Exercise details »
Every entry is to be returned as it stands, apart from the pictures.

Captioned web images:

● ● ● ● ● ● ●

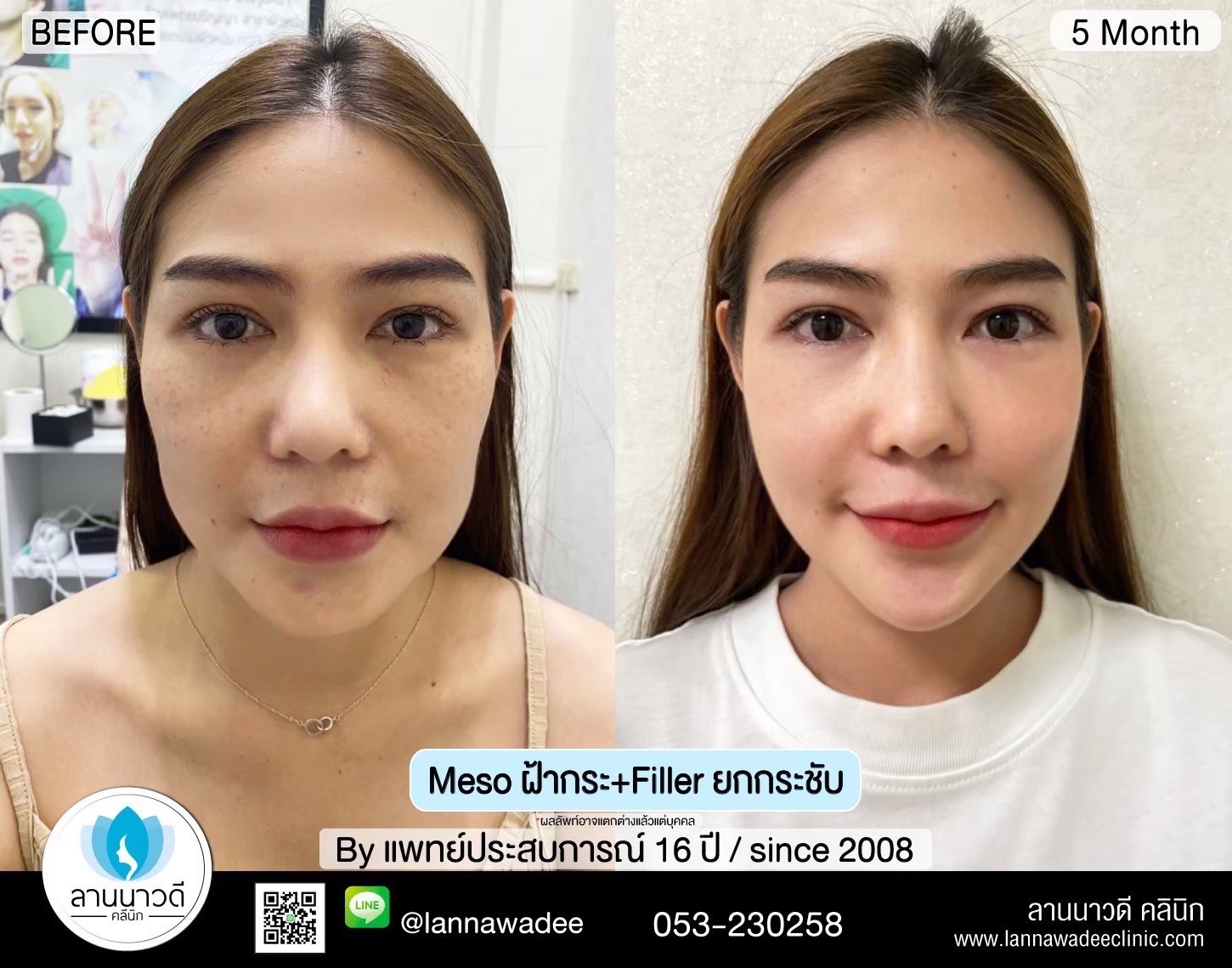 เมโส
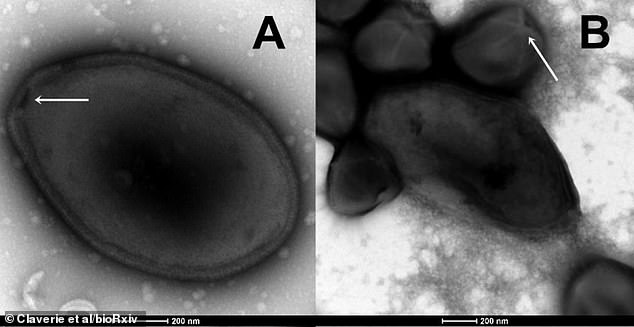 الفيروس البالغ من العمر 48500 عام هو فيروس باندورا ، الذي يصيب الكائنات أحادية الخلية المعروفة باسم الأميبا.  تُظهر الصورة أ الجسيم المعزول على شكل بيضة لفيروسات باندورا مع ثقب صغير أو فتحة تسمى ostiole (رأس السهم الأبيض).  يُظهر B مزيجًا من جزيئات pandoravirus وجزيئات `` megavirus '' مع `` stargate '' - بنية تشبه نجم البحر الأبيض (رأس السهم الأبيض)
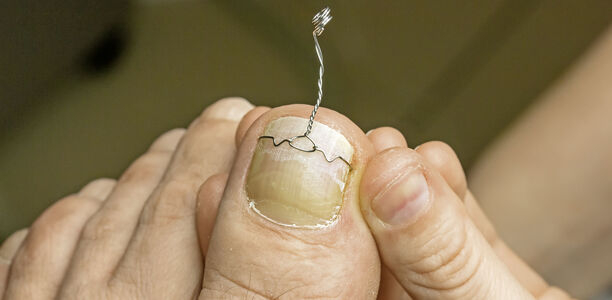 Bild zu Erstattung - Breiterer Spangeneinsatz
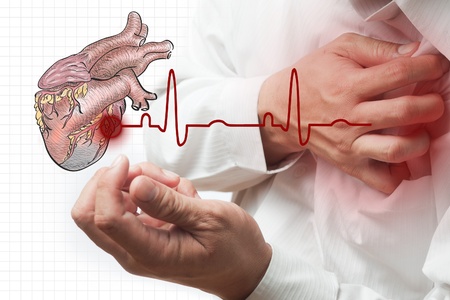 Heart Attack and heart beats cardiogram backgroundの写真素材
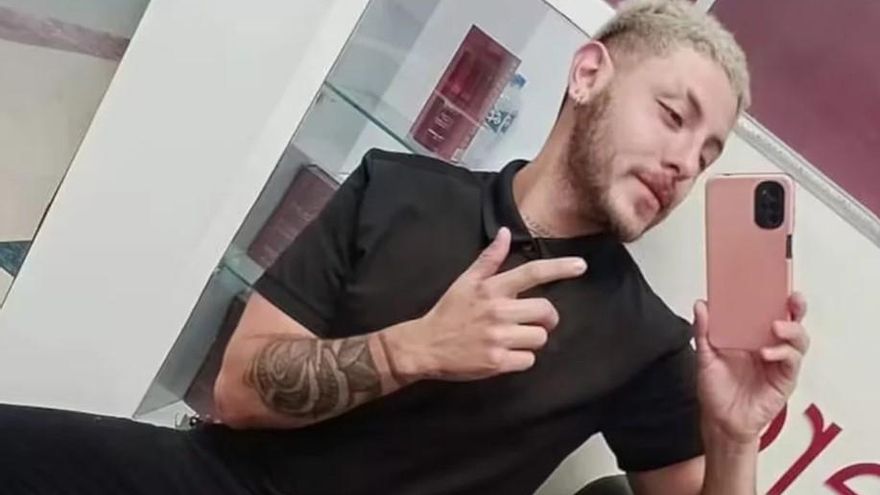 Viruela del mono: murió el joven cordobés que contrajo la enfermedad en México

● ● ● ● ● ● ●

Written answer »
 เมโส
 الفيروس البالغ من العمر 48500 عام هو فيروس باندورا ، الذي يصيب الكائنات أحادية الخلية المعروفة باسم الأميبا.  تُظهر الصورة أ الجسيم المعزول على شكل بيضة لفيروسات باندورا مع ثقب صغير أو فتحة تسمى ostiole (رأس السهم الأبيض).  يُظهر B مزيجًا من جزيئات pandoravirus وجزيئات `` megavirus '' مع `` stargate '' - بنية تشبه نجم البحر الأبيض (رأس السهم الأبيض)
 Bild zu Erstattung - Breiterer Spangeneinsatz
 Heart Attack and heart beats cardiogram backgroundの写真素材
 Viruela del mono: murió el joven cordobés que contrajo la enfermedad en México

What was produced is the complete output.